Esto llevó a destapar otro de los grandes secretos de la represión Estatal, muy al hilo en estos tiempos de los diferentes casos de agentes infiltrados en los movimientos sociales. Hablamos de las “listas negras”, archivos ilegales de personas militantes en luchas sociales que, a pesar de no contar con antecedentes, tenían sus propias fichas policiales por labor militante. El uso de estas listas quedó patente en el recurso de multas donde se demostró que personas que no habían sido identificadas, incluso que no se encontraban en el lugar de protesta, habían sido propuestas para sanción.
Con este giro en la represión, lo que se busca (y en algunos casos se consigue) es la desmovilización de las personas y el decaimiento de la protesta social por temor a una sanción económica difícilmente asumible por una persona de a pie.

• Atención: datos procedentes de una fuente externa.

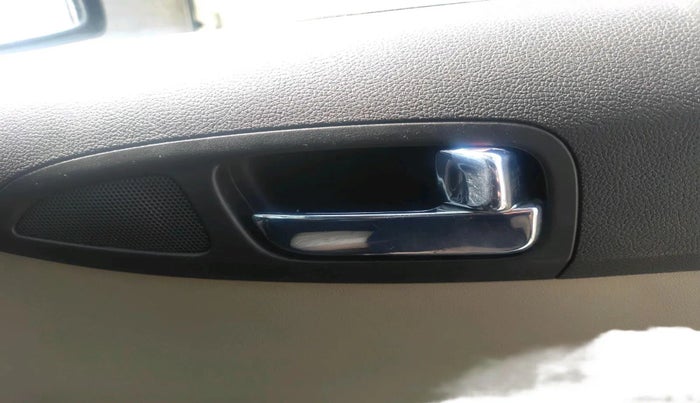 2013 Hyundai i20 ERA 1.2, Petrol, Manual, 1,72,699 km, interior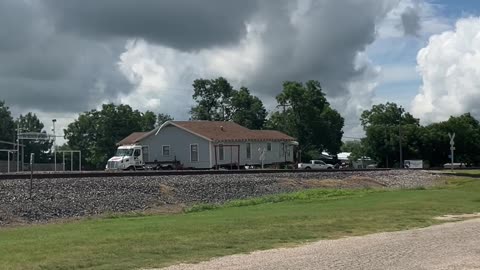 🏡Stealing Texas Style - Just kidding…MOVING a house!!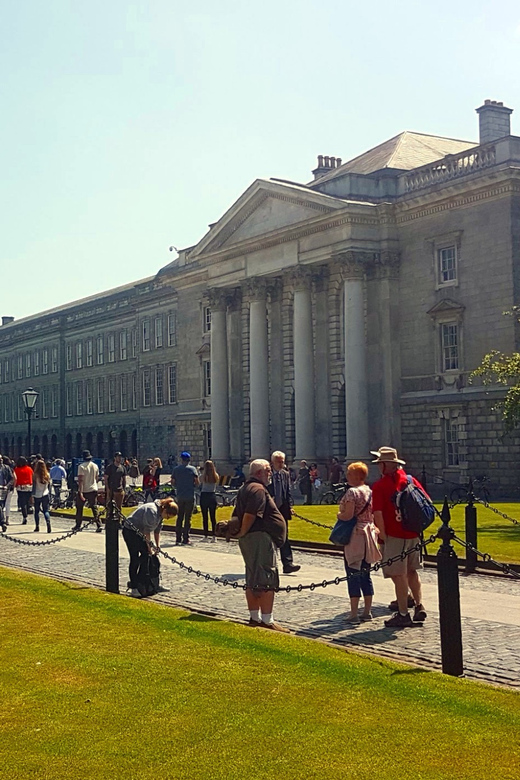 Dublin: The Fantastic Private Walking Tour - Itinerary Highlights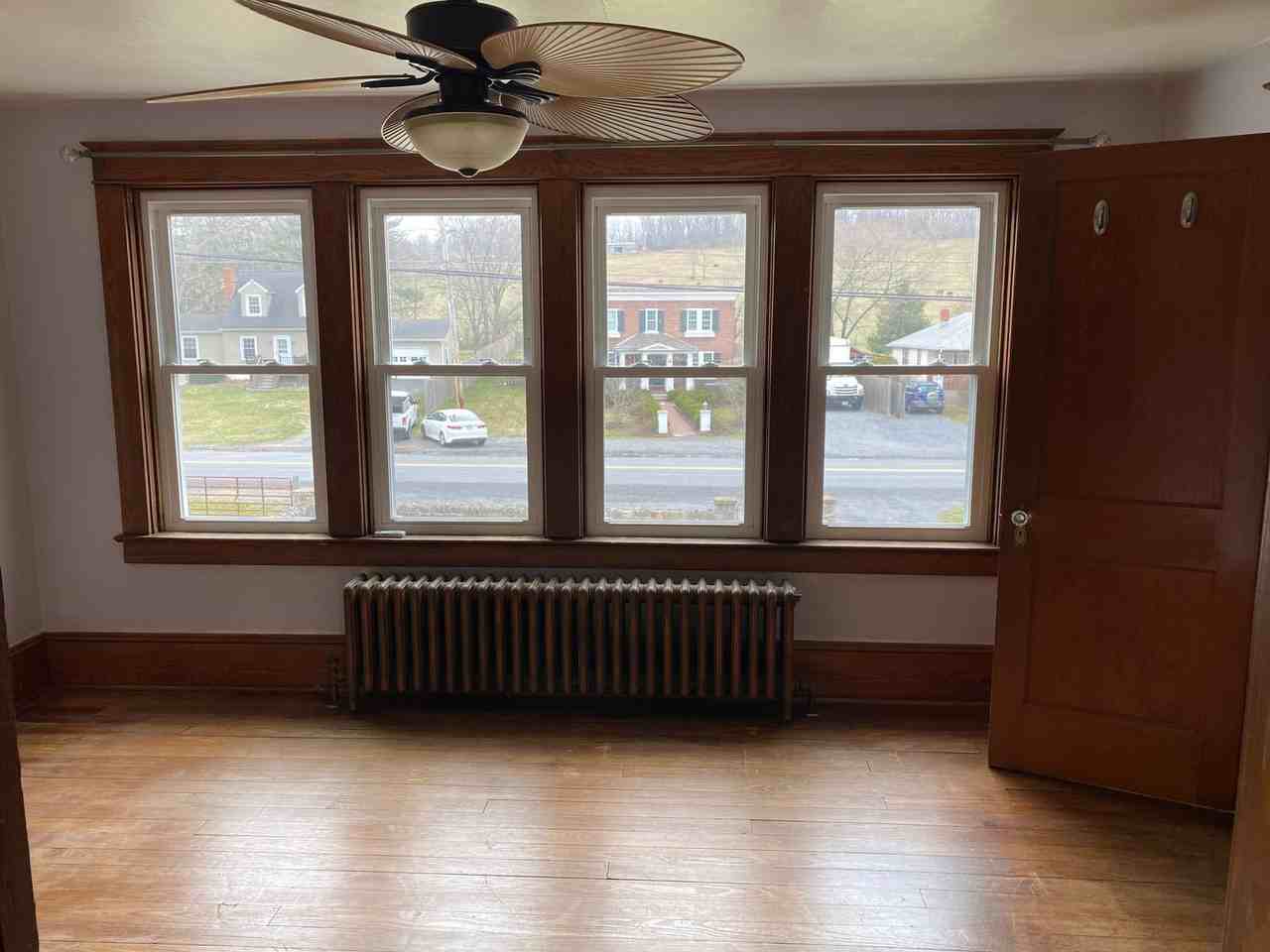 308 Gainesboro Rd - Photo 4 of 23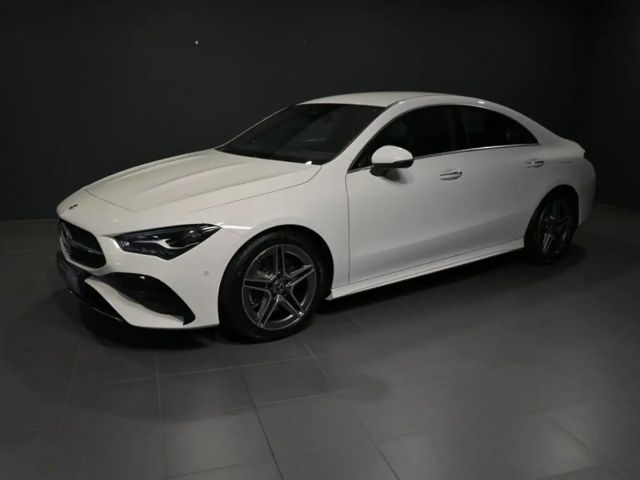 Mercedes-Benz CLA 200 AMG Line Coupé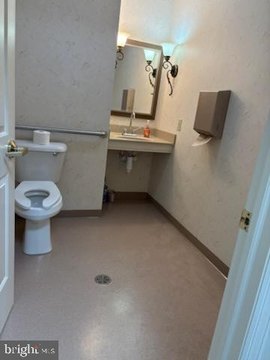 Office Space with Two Entrances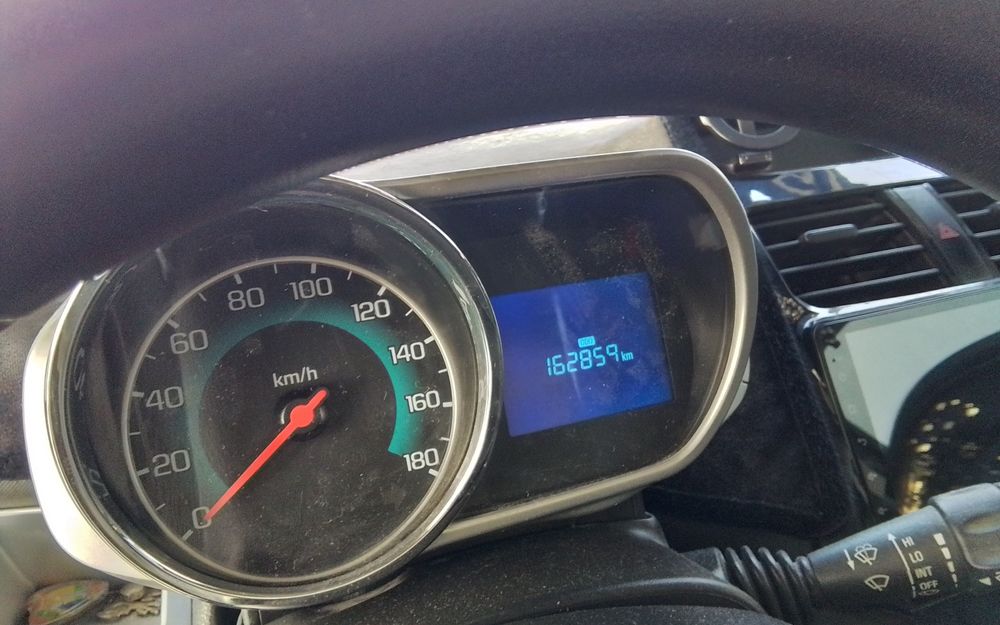 Срочна Спарк сотилади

Interiorización de una vida cada vez más regulada
Pasan los años y aquellas normativas que generaron respuestas importantes entre la ciudadanía, acaban integrándose involuntariamente a través del olvido intermitente que supone acostumbrarse a un determinado orden de las cosas, mientras nuestra atención es dinamitada con un bombardeo de ocio y consumo, de fake news o de realidades virtuales paralelas.
Esta vida acelerada, este vivir en un eterno presente, es el caldo de cultivo perfecto para que una represión de “baja intensidad” tenga sus mejores resultados. Una sutileza en sus formas que hace que vaya calando lentamente en la sociedad hasta el punto de estrangular su libertad, sin que si apenas nos percatemos. Este es, quizás, el mayor peligro de habitar una vida cada vez más regulada: la autorregulación. Ya no necesitamos a alguien que nos diga lo que podemos y no podemos hacer: ¡está escrito! e interiorizado. Somos nosotras mismas las que nos acabamos poniendo límites a la hora de salir a la calle, ya sea para protestar, para relacionarnos en los espacios, para mostrar afecto o para tomarnos algo en el parque.
Un orden y un fin determinado
Este tipo de regulaciones amparadas en la convivencia y seguridad ciudadana, responden a un fin muy concreto: el control de nuestros cuerpos y nuestras relaciones, a través de regular los espacios que habitamos.
La convivencia es también un espacio de tensiones y desavenencias, de visiones contrapuestas que no pueden resolverse con una regulación, sino con mecanismos que permitan aprender a afrontar los conflictos, especialmente de manera colectiva. Solo así podremos contraponer el avance de un ente regulador que gana poder y control, a medida que amplía su capacidad de regular aquello que antes no podía.